“Tell the truth, or trump. But TAKE THE TRICK.”
— Pudd’nhead Wilson’s Calendar
That turns out to have been Zell Miller’s operating principle for a long time, according to an account (long preceding Miller’s apostasy) by Carville and Begala. It turns out that when the “mess of dark pottage” quote was brought out in a 1990 debate, Miller won the day:
Miller wheeled on his accuser and said that back in 1964 when the Atlanta Constitution had printed that so-called quote he’d marched down to the paper’s offices and demanded and received a correction. He’d never say a thing like that.

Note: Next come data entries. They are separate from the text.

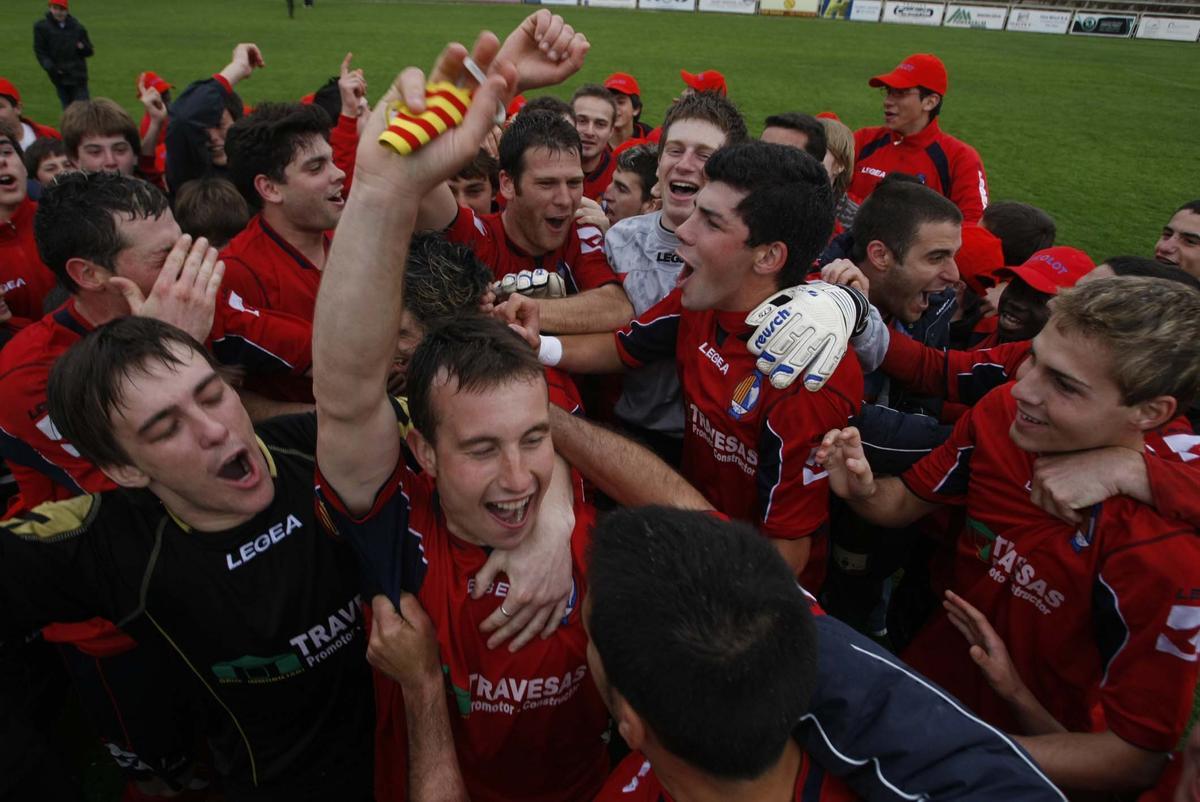 Abel, al mig, celebra l'ascens a Preferent el 2009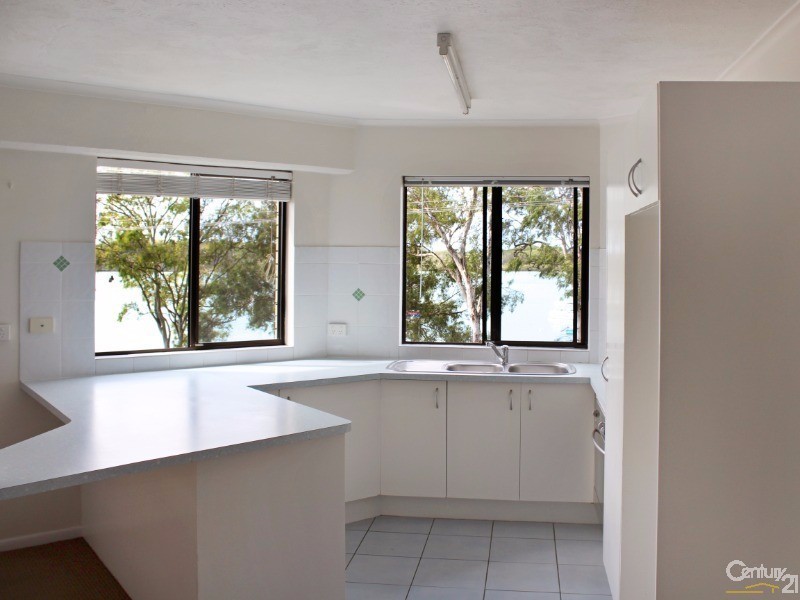10/77 Bradman Avenue, Maroochydore QLD 4558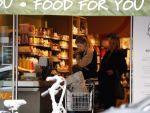 Amsterdam 25 mei 2016 
Doiutzen Kroes doet boodschappen met haar dochter Myllena Mae.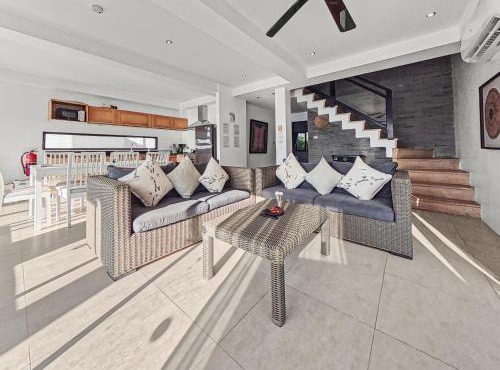 Beachfront! 4 Bedrooms - Malee Beach Villa E6
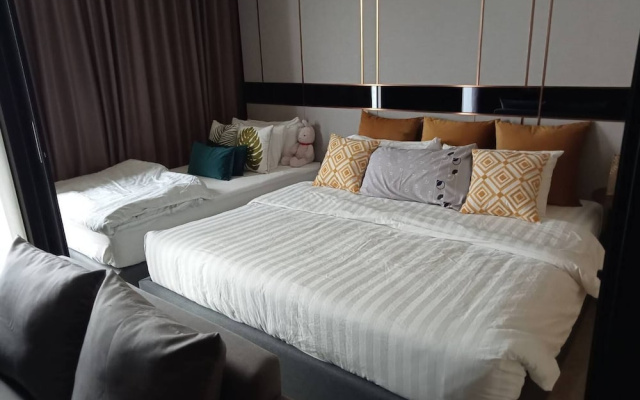 Luxury Sea View 1BR Rooftop Infinity Pool & Gym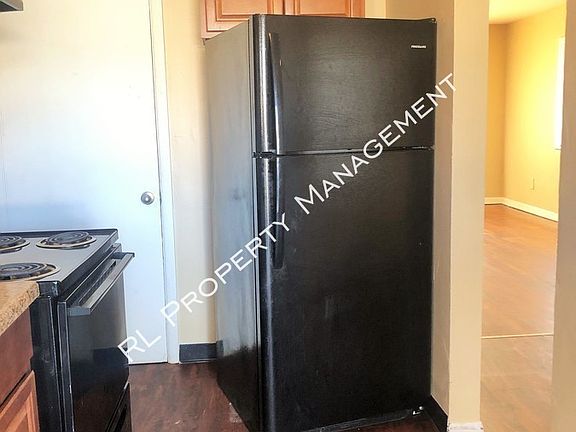 3rd image of 824 S Harris Ave APT A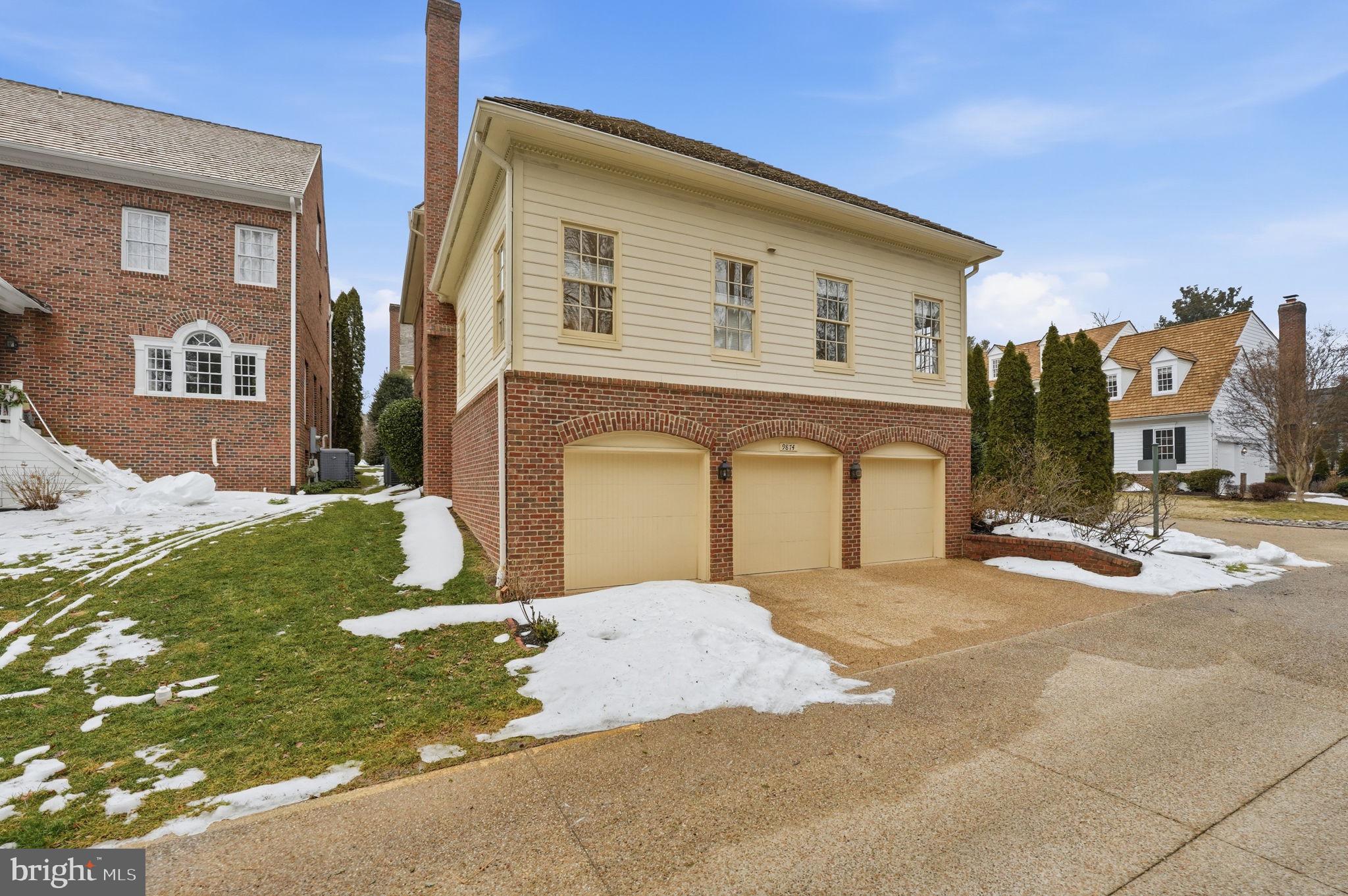 WILLIAMSBURG COMMONS - Residential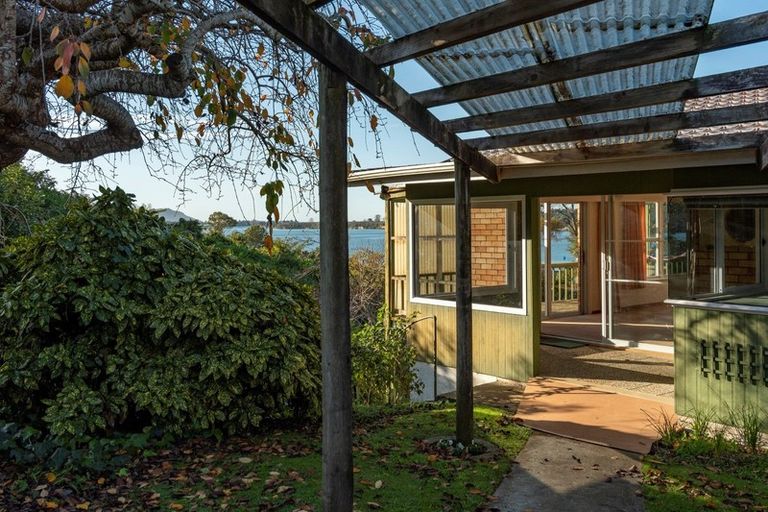 Photo of property in 101 Harbour View Road, Omokoroa, 3114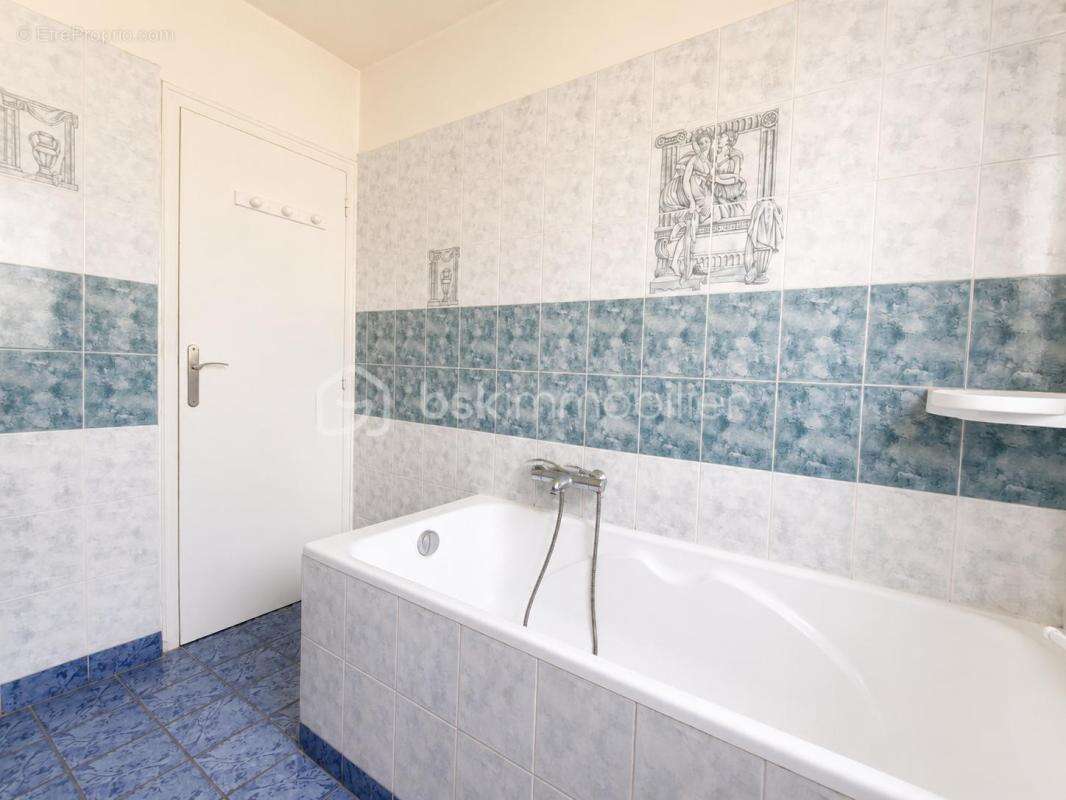 F2 lumineux 45m² avec cave - Idéal premier achat ou investissement - Drancy - photo 11
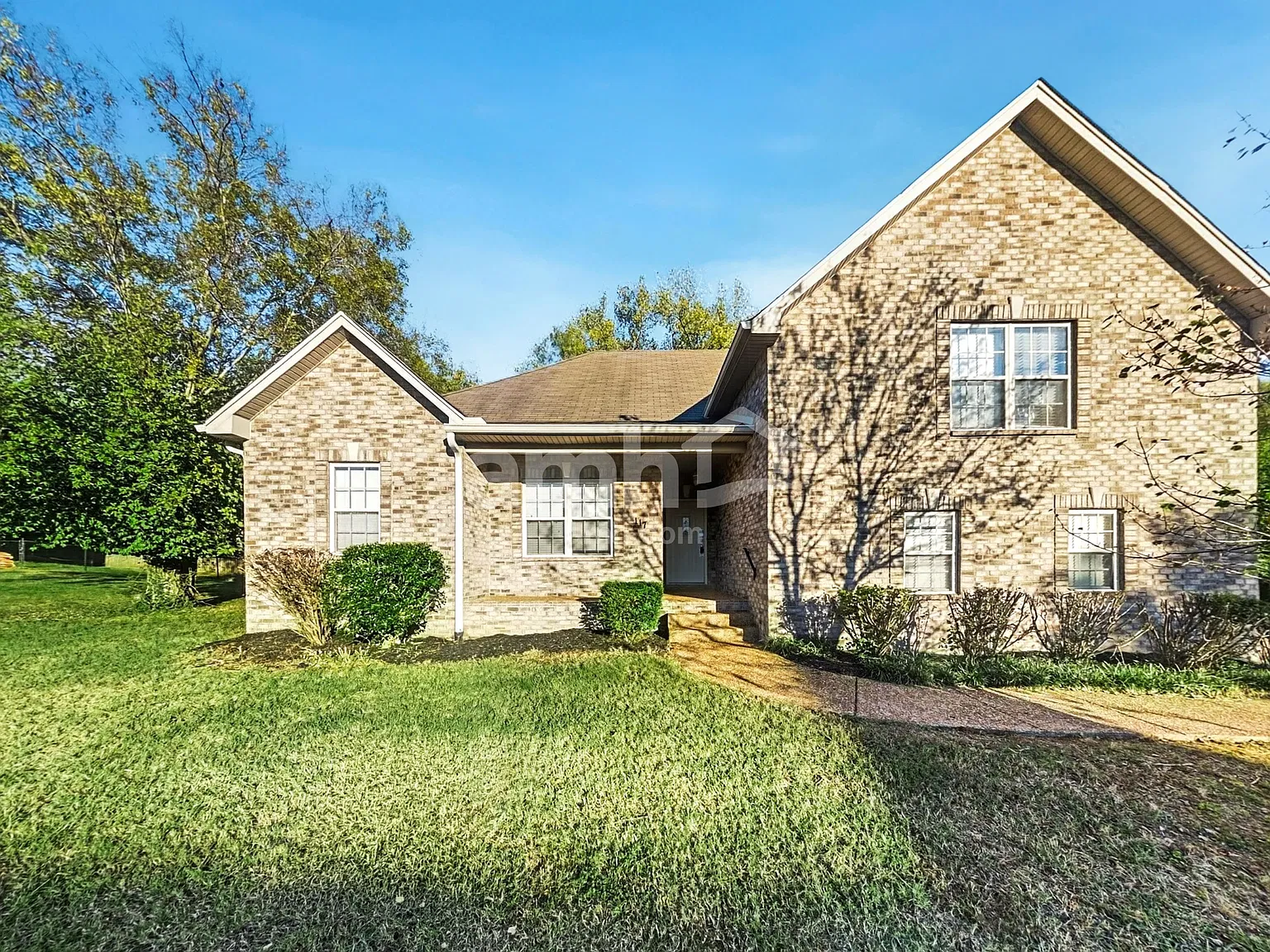 3 bed, 2.5 bath, 1975 sqft, $2,625 — Photo 1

But it turned out Miller had been … trumping.
Al May, the veteran political reporter for the Atlanta Constitution, interviewed Miller as Paul drove them and Shirley Miller to an event in rural Georgia. May made small talk for a little while. Then he sprang the trap. “Zell,” he said, “I’ve talked to all the editors who were around back then, checked the morgue and the archives, and you never asked for a retraction and the paper never printed one.”
“I know,” Miller said, biting the words off the words like they were bitter herbs.
“So why’d you say all that in the debate last night?”
Miller leaned in close to May and said, “Because, Al, I was trying to mislead the people of Georgia.”
Carville and Begala’s account suggests — contrary to my earlier assertion — that Miller was never a sincere or consistent Dixiecrat. But it also suggests that his relationship with the truth has long been a distant one. Glenn Kessler and Dan Morgan in the Washington Post have a good dissection of the whoppers in Miller’s RNC speech.